As crazy as it sounds,I would love to shovel sand in Iraq or fight in Afghanistan,Pakistan,Somalia,or wherever.
The War on Terror is an Historic and world changing event
that is freeing millions of people from the Jihadist.

I hate I could not join you men and women,but thank God for your service,because going around flashing the peace sign and chanting “I hate Bush” has not freed one dam# person or stopped one terrorist.

Baxter Greene on November 28, 2008 at 2:05 PM

Tony737 on November 28, 2008 at 1:46 PM

Don’t get overconfident! My CFI when I got my PPSEL was an Iranian-born guy who at last contact was flying MD-80s for one of your competitors. Imagine an MD-80 vs. B-737 dogfight!

DarkCurrent on November 28, 2008 at 2:10 PM

Baxter Greene on November 28, 2008 at 2:05 PM

You sir, get it. I personally consider you a Great American.

thomasaur on November 28, 2008 at 2:16 PM

I am glad this was done before Obama takes control of the White House.

Terrye on November 28, 2008 at 3:51 PM

…the SOFA vote was a demonstration of national sovereignty and a notice that they would not become a satellite nation to Tehran.

How can that be? The MSM told me that all Shiites (like Maliki) are just Iranian puppets. What nefarious plan has dinnerjacket cooked up this time? I know! Death to America by agreeing to its terms. Ahmadamnutjob has us right where he wants us.

Kafir on November 28, 2008 at 4:26 PM

Why can’t Isreal lend a hand or do they just take of themselves? Im just asking.

johnnyU on November 28, 2008 at 5:26 PM

Elenor Clift has preemptively wrote in newseek that Obama is inheriting a defeat abroad. I read the first few sentences and had to get out of there. Why can’t a lib be proud of our country and say we won?????

gringo69 on November 28, 2008 at 5:51 PM

Baxter Greene on November 28, 2008 at 2:05 PM

You sir, get it. I personally consider you a Great American.

thomasaur on November 28, 2008 at 2:16 PM

Thank you,
I know exactly were our Freedoms come from.
Without the great leadership and sacrifice of our men and
women in uniform,America and the rest of the world would be a lot worse off and know nothing of individual rights,and representative government.

Iraq and Afghanistan are just more examples of why the American Soldier is the greatest liberator in the history of
mankind.

Baxter Greene on November 28, 2008 at 6:06 PM

Baxter Greene on November 28, 2008 at 2:05 PM

You are an honorable person. I know you feel disappointed but I’m certain you will find other ways to contribute.

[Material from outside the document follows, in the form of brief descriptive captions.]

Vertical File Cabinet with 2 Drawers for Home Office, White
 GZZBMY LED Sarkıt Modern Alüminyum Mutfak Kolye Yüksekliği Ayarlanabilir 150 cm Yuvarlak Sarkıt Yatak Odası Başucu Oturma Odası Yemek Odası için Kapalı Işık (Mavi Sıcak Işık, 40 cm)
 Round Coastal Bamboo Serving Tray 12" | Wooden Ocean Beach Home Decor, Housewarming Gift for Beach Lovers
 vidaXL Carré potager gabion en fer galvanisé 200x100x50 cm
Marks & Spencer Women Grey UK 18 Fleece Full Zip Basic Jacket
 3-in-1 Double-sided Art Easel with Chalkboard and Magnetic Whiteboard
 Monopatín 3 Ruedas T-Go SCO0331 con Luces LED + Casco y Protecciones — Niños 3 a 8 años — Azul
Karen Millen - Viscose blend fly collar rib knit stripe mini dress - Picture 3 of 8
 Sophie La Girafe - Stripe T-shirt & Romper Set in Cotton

kanda on November 28, 2008 at 8:17 PM

I guess we know who’s side Iraq will be on…..

from Brietbart:

Iraqi Oil Minister Hussein al-Shahristani said on Friday that 80 dollars a barrel is a “reasonable” price for oil and that his country would support any OPEC decision to cut output.
“A reasonable price for oil is 80 dollars a barrel,” said Shahristani on arrival in Cairo to attend a consultative meeting by the OPEC cartel to study slumping crude prices.

“We have to make sure that produced oil is used for consumption and not for storing.

“Iraq would support a decision by OPEC to cut output either here or in Algeria,” the Iraqi minister added.

kanda on November 28, 2008 at 8:30 PM

Wow. Obama said he would end the war “immediately and bring the troops home now”. I wonder how that’s going to work out? Ha!

Guardian on November 28, 2008 at 11:58 PM

kanda on November 28, 2008 at 8:30 PM

Remember, his country’s national budget is based on oil being at $80/bbl. Hopefully, Iraq’s economy will begin to diversify and they won’t depend on oil so much.